Solution cost plateaus as runtime increases, reflecting convergence to locally (if not globally) minimal control effort paths.

Figure 4: Distribution of final solution cost versus allowed planner runtime; costs stabilize above 50 seconds.

Comparison with Human-Generated Trajectories

Flight data from 19 human-piloted parafoil descents (collected via instrumented skydives) enable direct side-by-side trajectory evaluation. The human pilot typically prioritizes horizontal closure with the target zone prior to subsequent altitude loss via spiral descent, which increases control effort and, consequently, risk. In contrast, SST generates smoother, spatially distributed descents arriving at the final approach altitude without spirals, respecting all operational constraints.

Figure 5: Representative case showing real pilot (blue) vs. algorithm solution (red): The latter exhibits gradual descent and avoids hazardous late turns.

Quantitatively, the Relative Optimality Gap (ROG) is positive in all test scenarios, ranging from 0.2 to 0.85, indicating substantial room for human improvement when benchmarked against algorithmic plans.

Figure 6: Time-resolved ROG between algorithm and human pilot across all real flight benchmarks. Positive values demonstrate superior cost performance by the algorithm throughout descent.

Detailed trajectory visualization shows that even in complex, constrained environments, the planner produces globally efficient, smooth descent paths, leveraging the complete 3D state space without decoupled or myopic maneuvers characteristic of human pilots.

Figure 7: The lowest-difference test case (ROG = 0.16); even here, the planner avoids early U-turns favored by the pilot.

Case Study: Landing Site with Complex Terrain

The methodology is further validated on routes featuring airspace and terrain constraints (e.g., at Elsinore Skydive, where certain sectors are off-limits due to runway traffic or unsuitable landing terrain). The planner adheres to all spatial and altitude constraints, finds opportunities to traverse otherwise restricted airspace within allowed flight envelopes, and yields smoother spirals than the pilot, who tends to avoid risky crossings even when dynamically permissible.

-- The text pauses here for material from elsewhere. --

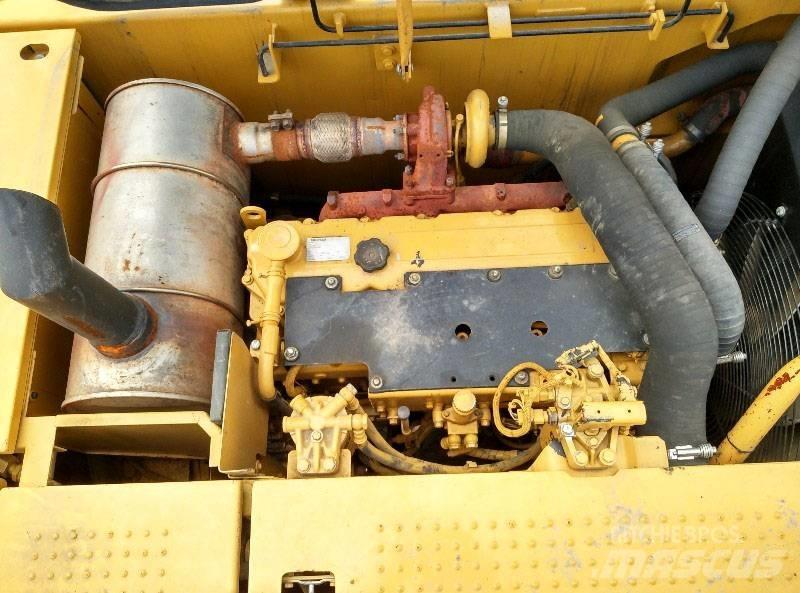 CAT 323 Lánctalpas kotrók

Figure 8: Map of the Elsinore Skydive test area, notation showing regulated and forbidden zones.

Figure 9: 3D rendering of algorithm-generated descent that clears all obstacles and airspace restrictions.

Figure 10: Top-down projection of the same descent: The algorithm leverages lateral space to further minimize cost.

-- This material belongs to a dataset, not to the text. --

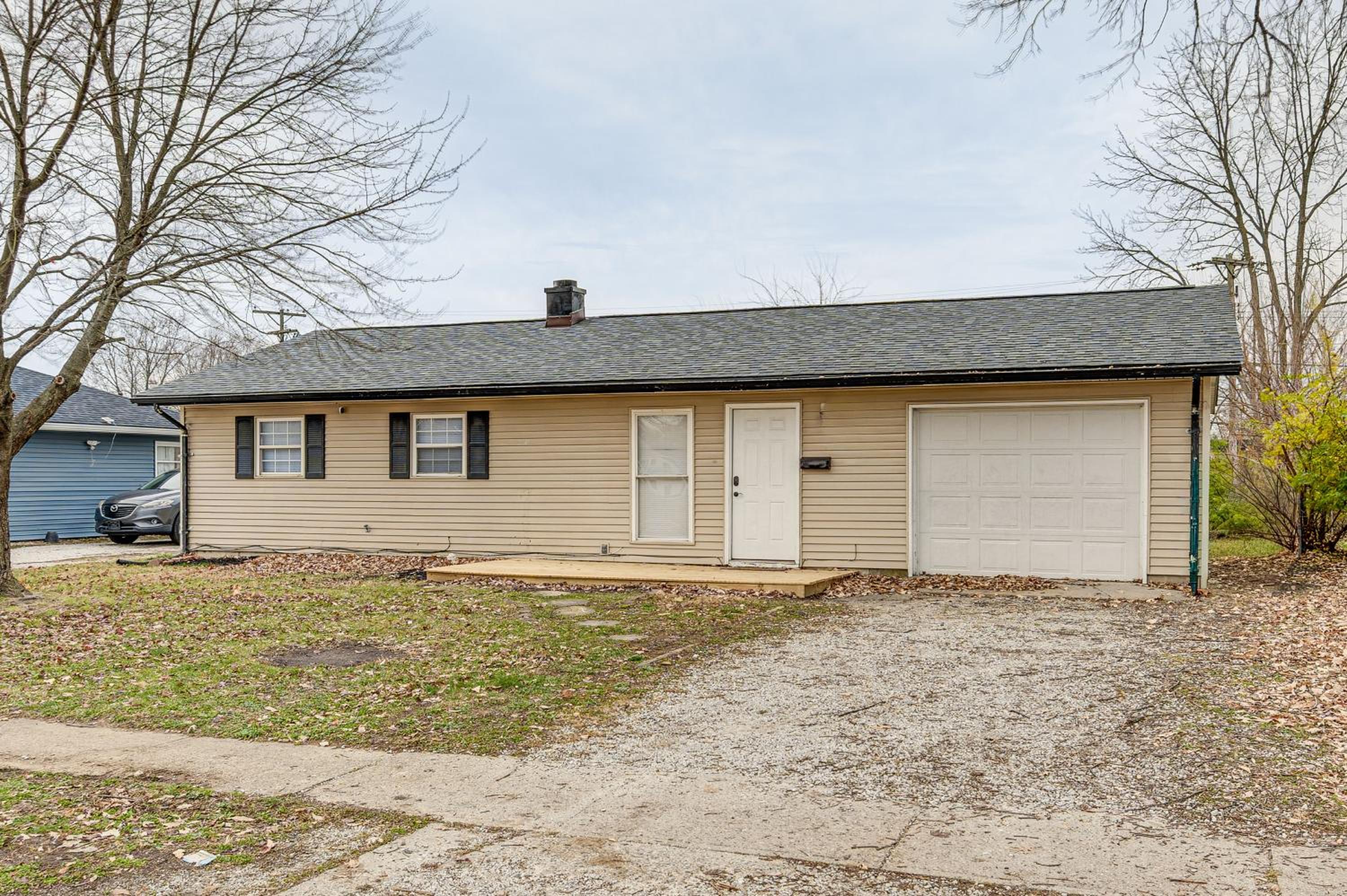 4 Mi to the Speedway Peaceful and Snug Home with Yard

Implications, Limitations, and Future Work

This work demonstrates that optimized, constraint-aware motion planning directly targeting human pilot needs can significantly reduce control effort, minimize hazardous maneuvers, and serve as a practical tool for next-generation parafoil simulators and in-flight decision aids. From a theoretical perspective, the results show that sampling-based kinodynamic planners, properly tailored, close significant optimality gaps inherent in human heuristics—implicating deficiencies in human spatial reasoning and multi-dimensional path planning, particularly under high-dimensional spatial and physical constraints.

Remaining challenges include richer modeling of wind fields, parafoil dynamics (including actuator limits and turbulence), and explicit multi-agent (collision-avoidance) extensions. Furthermore, real-time deployment in operational settings will require trajectory smoothing and intuitive human-machine interface designs for effective pilot adoption.

Conclusion

By formulating and solving a safety-focused parafoil trajectory planning problem using adapted kinodynamic sampling-based methods, this work offers compelling evidence that computer-generated flight plans can surpass current human practice in both safety and efficiency. The demonstrated optimality gaps suggest integration into pilot training protocols and trajectory visualizations will yield meaningful advances in parafoil landing safety, with future work poised to extend these results to more complex operational environments and pilot-automation collaboration paradigms.